New Converged Archive System, Power Gear Withdrawals
June 28, 2021 Timothy Prickett Morgan
Big Blue has all of the pieces to make an appliance for archiving all kinds of data, and so the company has done just that with the Converged Archive Solution announced last week.
This box doesn’t run IBM i, but in keeping with the theme “anything that makes Power Systems stronger makes IBM i last longer” we are telling you about it. Also, just like many IBM i shops have deployed storage area networks (SANs) to create a unified, shared storage array for their IBM i, AIX, z/OS, Windows Server, and Linux machines to share for block storage and centralized network-attached storage like NetApp filers to share file systems across machines, it makes sense to have a centralized object storage device that allows for the archiving of unstructured and other kinds of object storage as well as the archiving of data stored in file systems. That is what the Converged Archive Solution is all about. (Although I do wish that all IT vendors would remove the word solution from their vocabulary. . . .)

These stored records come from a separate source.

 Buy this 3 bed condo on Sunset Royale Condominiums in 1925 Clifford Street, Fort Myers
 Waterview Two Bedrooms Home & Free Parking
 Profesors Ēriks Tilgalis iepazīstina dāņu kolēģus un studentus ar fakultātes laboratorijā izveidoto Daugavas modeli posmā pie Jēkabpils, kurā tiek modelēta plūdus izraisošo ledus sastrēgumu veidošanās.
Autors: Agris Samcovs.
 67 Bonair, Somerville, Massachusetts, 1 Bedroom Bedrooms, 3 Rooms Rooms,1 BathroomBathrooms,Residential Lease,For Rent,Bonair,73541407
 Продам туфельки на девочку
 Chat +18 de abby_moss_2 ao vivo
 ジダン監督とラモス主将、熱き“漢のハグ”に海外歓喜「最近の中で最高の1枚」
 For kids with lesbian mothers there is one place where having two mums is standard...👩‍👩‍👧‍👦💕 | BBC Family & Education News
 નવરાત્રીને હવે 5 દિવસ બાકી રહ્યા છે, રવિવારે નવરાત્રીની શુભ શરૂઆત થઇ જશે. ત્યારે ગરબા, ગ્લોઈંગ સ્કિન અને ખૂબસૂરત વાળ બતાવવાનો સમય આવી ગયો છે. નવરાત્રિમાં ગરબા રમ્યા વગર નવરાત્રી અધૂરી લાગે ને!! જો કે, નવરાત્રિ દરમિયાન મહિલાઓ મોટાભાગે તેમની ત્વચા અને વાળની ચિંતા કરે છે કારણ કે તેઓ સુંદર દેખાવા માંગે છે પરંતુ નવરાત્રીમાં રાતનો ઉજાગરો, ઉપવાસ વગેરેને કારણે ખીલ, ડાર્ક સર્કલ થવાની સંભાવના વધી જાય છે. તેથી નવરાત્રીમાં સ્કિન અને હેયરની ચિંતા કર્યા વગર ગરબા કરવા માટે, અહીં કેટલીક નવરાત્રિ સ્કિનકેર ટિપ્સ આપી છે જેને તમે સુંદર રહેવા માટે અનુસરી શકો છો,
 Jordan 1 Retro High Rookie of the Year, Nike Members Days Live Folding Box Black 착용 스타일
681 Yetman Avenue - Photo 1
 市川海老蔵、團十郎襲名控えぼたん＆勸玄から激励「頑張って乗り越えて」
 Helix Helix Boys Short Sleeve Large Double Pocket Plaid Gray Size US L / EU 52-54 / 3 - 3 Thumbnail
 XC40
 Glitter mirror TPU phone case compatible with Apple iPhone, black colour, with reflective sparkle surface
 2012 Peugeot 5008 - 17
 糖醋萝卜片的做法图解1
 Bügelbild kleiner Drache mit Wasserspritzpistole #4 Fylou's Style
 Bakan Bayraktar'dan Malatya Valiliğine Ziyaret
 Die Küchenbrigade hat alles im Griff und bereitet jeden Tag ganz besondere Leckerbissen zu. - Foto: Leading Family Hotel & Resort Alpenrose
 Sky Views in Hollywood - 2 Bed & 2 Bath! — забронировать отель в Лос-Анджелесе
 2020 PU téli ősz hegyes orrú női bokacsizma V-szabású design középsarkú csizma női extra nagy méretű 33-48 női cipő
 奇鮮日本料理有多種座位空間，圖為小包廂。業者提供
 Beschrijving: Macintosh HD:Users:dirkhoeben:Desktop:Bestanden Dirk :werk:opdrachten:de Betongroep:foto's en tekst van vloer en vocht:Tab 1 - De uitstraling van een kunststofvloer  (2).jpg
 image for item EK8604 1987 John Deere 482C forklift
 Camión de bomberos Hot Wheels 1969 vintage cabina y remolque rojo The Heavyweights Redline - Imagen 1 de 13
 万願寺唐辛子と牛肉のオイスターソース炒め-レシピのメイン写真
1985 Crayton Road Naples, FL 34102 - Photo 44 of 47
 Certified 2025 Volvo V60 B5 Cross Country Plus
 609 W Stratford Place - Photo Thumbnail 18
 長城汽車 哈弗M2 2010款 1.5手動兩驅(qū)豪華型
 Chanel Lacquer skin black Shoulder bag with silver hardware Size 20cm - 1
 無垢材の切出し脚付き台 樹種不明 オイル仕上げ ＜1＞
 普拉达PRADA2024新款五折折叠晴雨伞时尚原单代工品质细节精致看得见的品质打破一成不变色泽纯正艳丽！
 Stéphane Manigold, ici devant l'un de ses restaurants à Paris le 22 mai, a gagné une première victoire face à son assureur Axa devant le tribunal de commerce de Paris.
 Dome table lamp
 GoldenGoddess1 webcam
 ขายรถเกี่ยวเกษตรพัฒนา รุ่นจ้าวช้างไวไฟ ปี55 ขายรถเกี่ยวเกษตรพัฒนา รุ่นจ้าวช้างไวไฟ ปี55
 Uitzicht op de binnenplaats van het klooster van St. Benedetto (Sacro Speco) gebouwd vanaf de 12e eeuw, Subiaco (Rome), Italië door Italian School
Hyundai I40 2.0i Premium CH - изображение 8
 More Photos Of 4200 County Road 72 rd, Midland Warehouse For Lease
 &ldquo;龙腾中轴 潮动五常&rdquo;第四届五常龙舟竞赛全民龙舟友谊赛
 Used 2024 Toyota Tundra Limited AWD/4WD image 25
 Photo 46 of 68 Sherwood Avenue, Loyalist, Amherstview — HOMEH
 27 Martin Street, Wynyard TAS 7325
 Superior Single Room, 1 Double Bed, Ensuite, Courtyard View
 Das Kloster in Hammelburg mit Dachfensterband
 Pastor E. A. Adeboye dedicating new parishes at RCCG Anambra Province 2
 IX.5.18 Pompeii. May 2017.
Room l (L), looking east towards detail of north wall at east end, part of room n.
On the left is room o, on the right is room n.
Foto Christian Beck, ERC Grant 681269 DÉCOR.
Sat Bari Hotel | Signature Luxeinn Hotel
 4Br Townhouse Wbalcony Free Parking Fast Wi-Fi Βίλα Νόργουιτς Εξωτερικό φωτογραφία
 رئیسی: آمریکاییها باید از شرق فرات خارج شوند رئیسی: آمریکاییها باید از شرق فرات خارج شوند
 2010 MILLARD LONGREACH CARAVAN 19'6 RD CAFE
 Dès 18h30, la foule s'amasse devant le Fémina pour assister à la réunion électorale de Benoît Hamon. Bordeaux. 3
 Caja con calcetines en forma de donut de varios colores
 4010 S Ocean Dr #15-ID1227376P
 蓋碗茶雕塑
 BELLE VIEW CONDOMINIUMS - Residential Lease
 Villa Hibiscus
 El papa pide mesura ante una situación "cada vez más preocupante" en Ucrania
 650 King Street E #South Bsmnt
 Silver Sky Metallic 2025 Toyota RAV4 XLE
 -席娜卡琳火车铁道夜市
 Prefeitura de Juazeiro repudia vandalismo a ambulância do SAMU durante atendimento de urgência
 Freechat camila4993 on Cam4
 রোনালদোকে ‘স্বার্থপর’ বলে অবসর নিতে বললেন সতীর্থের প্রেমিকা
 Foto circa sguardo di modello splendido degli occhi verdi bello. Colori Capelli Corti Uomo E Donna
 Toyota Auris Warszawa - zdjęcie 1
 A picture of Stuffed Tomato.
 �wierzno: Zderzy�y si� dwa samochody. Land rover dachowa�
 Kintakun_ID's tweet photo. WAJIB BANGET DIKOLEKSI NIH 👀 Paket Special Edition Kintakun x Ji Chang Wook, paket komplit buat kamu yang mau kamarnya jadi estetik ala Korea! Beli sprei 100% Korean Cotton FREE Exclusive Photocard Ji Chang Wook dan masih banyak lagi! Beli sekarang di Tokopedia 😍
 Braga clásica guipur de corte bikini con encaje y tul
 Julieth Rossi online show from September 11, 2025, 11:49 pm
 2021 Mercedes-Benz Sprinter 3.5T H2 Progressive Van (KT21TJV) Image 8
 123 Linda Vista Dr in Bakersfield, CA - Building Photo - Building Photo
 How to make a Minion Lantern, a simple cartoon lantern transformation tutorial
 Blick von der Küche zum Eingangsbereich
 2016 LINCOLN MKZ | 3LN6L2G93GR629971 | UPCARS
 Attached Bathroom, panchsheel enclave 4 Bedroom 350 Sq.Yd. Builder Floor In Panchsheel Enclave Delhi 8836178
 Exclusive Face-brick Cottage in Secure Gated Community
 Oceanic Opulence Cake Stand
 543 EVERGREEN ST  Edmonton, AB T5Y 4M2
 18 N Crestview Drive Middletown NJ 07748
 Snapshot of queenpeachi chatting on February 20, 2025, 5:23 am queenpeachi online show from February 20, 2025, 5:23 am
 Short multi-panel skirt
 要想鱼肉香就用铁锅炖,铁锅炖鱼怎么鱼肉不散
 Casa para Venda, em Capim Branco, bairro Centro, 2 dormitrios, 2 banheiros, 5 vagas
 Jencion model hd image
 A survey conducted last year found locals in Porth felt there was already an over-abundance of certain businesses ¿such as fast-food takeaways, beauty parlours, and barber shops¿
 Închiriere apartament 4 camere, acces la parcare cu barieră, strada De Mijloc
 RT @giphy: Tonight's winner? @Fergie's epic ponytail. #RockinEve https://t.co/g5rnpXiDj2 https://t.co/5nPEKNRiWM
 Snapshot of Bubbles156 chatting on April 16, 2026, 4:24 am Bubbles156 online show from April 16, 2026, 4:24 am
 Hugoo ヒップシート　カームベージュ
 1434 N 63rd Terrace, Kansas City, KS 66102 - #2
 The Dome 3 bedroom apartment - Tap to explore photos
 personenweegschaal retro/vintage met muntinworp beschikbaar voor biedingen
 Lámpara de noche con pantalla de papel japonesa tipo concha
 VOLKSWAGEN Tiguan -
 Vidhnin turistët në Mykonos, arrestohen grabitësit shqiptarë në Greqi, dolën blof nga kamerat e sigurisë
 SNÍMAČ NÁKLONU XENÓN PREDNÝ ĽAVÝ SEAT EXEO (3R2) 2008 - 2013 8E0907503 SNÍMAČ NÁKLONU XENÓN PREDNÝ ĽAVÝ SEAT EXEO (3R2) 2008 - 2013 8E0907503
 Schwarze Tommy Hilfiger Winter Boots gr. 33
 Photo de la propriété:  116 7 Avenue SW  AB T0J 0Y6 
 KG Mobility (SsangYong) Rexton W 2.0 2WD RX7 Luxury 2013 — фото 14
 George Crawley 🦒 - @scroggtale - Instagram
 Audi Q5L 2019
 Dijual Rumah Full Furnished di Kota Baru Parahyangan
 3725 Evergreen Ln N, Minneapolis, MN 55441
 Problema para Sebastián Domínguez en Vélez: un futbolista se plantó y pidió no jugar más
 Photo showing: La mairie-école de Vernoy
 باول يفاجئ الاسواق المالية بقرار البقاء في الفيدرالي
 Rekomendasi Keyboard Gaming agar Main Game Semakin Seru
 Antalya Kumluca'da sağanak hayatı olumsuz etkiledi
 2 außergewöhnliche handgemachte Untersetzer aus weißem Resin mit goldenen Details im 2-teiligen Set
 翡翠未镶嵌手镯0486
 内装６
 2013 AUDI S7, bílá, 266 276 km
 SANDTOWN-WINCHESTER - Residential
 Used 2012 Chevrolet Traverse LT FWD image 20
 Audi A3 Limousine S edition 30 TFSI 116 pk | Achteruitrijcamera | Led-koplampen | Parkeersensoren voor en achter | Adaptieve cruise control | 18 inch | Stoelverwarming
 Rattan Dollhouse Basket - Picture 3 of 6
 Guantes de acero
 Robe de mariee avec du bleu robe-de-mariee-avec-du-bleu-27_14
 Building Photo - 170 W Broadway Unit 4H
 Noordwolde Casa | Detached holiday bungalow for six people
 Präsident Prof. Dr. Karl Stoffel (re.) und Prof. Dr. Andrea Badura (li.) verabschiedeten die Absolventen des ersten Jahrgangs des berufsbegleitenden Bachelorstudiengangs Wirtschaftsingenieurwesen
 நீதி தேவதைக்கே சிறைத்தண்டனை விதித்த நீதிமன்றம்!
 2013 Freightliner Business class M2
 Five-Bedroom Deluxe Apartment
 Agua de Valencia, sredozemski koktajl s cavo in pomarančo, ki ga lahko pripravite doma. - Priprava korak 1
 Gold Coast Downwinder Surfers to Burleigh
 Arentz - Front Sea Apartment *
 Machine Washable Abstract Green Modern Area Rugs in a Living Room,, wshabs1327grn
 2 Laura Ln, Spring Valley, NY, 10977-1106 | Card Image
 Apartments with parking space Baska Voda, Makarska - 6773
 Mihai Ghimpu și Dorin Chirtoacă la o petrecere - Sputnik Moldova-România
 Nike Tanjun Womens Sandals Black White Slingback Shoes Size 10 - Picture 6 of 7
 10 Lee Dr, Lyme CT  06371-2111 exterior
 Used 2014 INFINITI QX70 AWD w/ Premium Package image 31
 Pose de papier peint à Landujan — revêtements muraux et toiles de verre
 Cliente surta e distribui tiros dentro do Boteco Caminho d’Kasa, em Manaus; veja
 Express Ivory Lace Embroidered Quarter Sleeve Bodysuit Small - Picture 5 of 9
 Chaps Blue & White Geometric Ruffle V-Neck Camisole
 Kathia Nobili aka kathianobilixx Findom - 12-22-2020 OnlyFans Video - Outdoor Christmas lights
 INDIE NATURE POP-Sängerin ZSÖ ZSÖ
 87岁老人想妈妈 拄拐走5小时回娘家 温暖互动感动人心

In announcement letter 121-049, IBM says that the Converged Archive Solution is based on a Power S924 server – like the one that many IBM i shops have as their production machine these days – equipped with Red Hat Enterprise Linux as well as the Spectrum Scale (formerly General Parallel File System, or GPFS, for those of you who are acquainted with the supercomputing space) file system and the Spectrum Archive Enterprise Edition, which quite frankly we do not know the origin of and IBM does everything in its power to hide. What we do know is that it implements the Linear Tape File System (LTFS), which is the data format used for long-term retention and portability across various archive media, including tape, optical drive, disk, and flash. Among other things, it implements Write Once Read Many (WORM) archiving, which keeps data from being tampered with after it is stored and which is an important aspect of modern archiving. Here is how the different editions of Spectrum Archive stack up:
With the combination of Spectrum Scale, which supports POSIX blocks, NFS and SMB files, and HDFS and S3/Switch objects, and Spectrum Archive, which speaks LTFS to tape, and single storage platform can be woven together that can do archiving to flash, fast disk, slow disk, and tape and do it all under a single namespace that looks about as close to single-level storage on an AS/400 as we have seen. (The AS/400 architecture turns disk into slow main memory, however, this turns tape into slow disk. Sorta.)
Anyway, the Converged Archive Solution takes a Power S24 with 64 GB of main memory and 37 TB of disk drives with RAID 6 data protection, adds RHEL 7 (not the more current RHEL 8) and lashes it to the outside world with 10 Gb/sec Ethernet ports. It then adds Spectrum Scale Data Management Edition 5.0 with a license for 37 TB of storage and Spectrum Archive Enterprise Edition with an unlimited scalability license, plus 40 hours of integration services and an optional 16 hours of LDAP integration services plus an optional TS4300 LTO-8 tape library with three tape LTO-8 drives and a 40 cartridge capacity. The disk bays and tape bays hanging off this puppy can scale up to 2 exabytes – that’s 2 million terabytes – of capacity, including FlashSystem all-flash arrays if you want to weave these in. You can cluster up to three Power S924 machines and up to a four TS4300 tape drives with a total of twelve tape drives to reach a 1 exabyte of compressed data capacity – and IBM says it can deploy it in less than five days. (I would think it would take a lot less time than that.)
The Converged Archive Solution bundle was available on June 25. Pricing was not revealed.
Now, moving on to the product withdrawals.
In announcement letter 921-061, we say a final goodbye to the BlueGene/Q supercomputer based on the PowerPC AS processor and the custom torus interconnect, which sees the end of its days on September 30. Not that anyone has bought one of these machines in years. A lot of them were replaced by Intel “Knights Landing” processor clusters based on Intel Omni-Path InfiniBand interconnects, and that product was a dead end, too. So we suspect that many of these supercomputer centers are pretty annoyed, so it is really no surprise that many of them are tapping machines made by Hewlett Packard Enterprise, often with AMD CPUs and GPUs.
Sadly, we see in announcement letter 921-063 that on June 30, IBM will withdraw the Power AC922 server, used in the “Summit” supercomputer at Oak Ridge National Laboratory and the “Sierra” supercomputer at Lawrence Livermore National Laboratory, from marketing.
These withdrawals only matter inasmuch as it shows that IBM is not really focusing on supercomputing with the Power Systems family. Maybe Power10 will lay a new foundation – we certainly think it can be one. Let’s hope so. I am very excited by the prospects of memory area networks and the giant shared memory clusters that it will enable, all coming with Power10.